In primo luogo, gli scienziati dovranno non solo aiutare i Paesi a migliorare le loro stime di gas serra, ma anche fornire stime indipendenti per verificare che gli inventari dei paesi siano corretti (oggi, ad esempio, sta aumentando enormemente la disponibilità di dati satellitari per monitorare in modo indipendente le aree soggette a deforestazione).

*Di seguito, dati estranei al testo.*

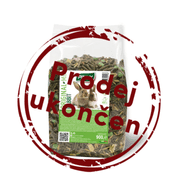 PINNY ORIGINAL MIX KRÁLÍK 3KG - KRMIVO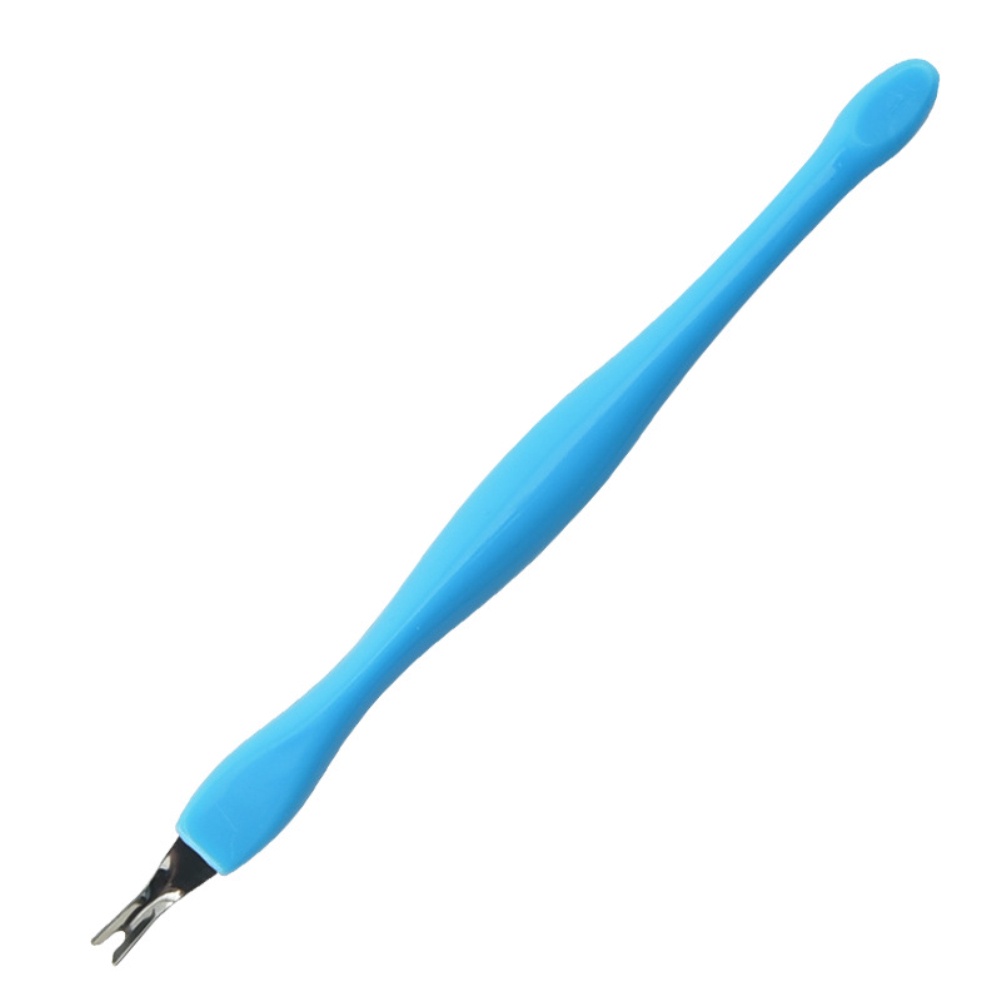 Dụng Cụ Nâng Móng Tay Bằng Thép Không Gỉ Dụng Cụ Nâng Móng Tay Bằng Thép Không Gỉ Dụng Cụ Nâng Móng Tay Bằng Da Chết-Ampe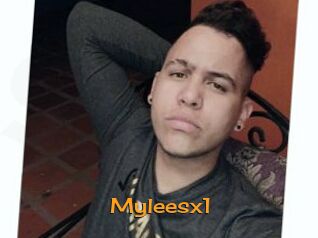 Myleesx1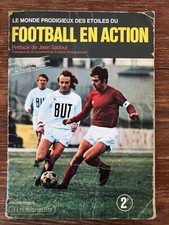 Album genre panini d'occasion  Villers-lès-Nancy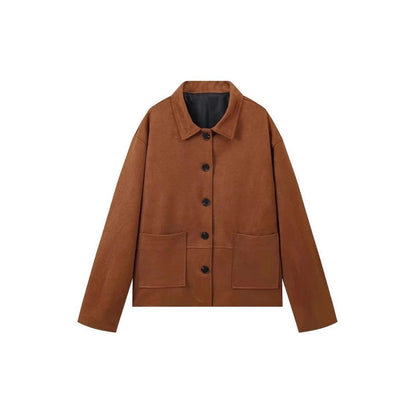 Elegantly Styled Jacket for Everyday Wear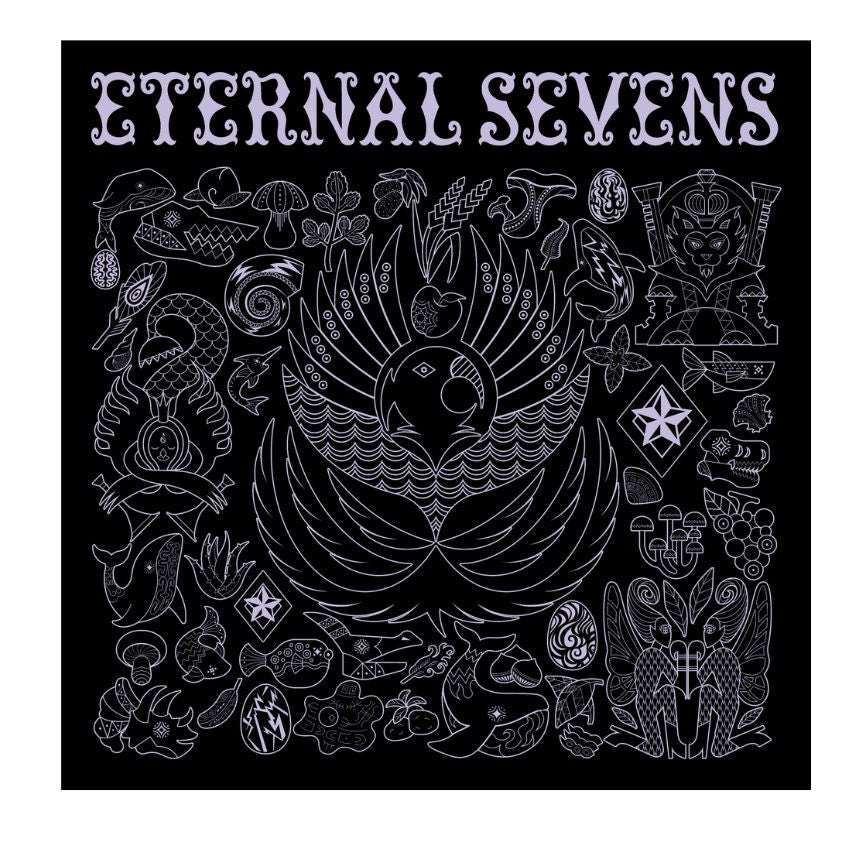Eternal Sevens - Gaming Library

In secondo luogo, vi è un urgente bisogno di tentare di colmare le differenze tra le stime globali di gas serra effettuate dai Paesi e quelle dell’IPCC. Riconciliare queste differenze richiederà uno sforzo senza precedenti di comprensione reciproca e di cooperazione tra la comunità scientifica e i responsabili degli inventari dei gas serra nazionali. In ogni caso, senza illudersi che i sistemi agroforestali possano, da soli, risolvere il problema dei cambiamenti climatici, è ormai evidente come il loro contributo agli obiettivi di Parigi sia di grande rilevanza.
Ciò si evince anche da un altro importante studio, come il Working Paper denominato Stranded Carbon Assets and Negative Emissions Technologies dell’Università di Oxford del Febbraio 2015, in cui si dimostra come gli assorbimenti di carbonio forestali rappresentino la misura di mitigazione climatica più economica, con un costo di 20-100€/t CO2 assorbita, contro, ad esempio, i 45-250€/t CO2 delle bioenergie e i 40-600€/t CO2 dello stoccaggio geologico del carbonio.
Lo stesso studio da indicazioni anche in termini di benefici potenziali su base annua, considerando che al settore agro forestale (afforestazione, gestione forestale e gestione del suolo agricolo) è stato attribuito un potenziale di assorbimento annuo al 2050 complessivo pari a 2,4-6,9 Gt CO2, rispetto alle 1,5 Gt CO2, relative al contributo delle bioenergie e alle 0,25 Gt CO2 dello stoccaggio geologico.Per questo è importante la messa a punto di approfondimenti e confronti tecnici e scientifici per cercare di comprenderne e sfruttarne al meglio le potenzialità di mitigazione climatica, aumentando la credibilità delle stime di gas serra, ma, soprattutto, promuovendo gli assorbimenti di carbonio nel settore agroforestale con specifiche misure.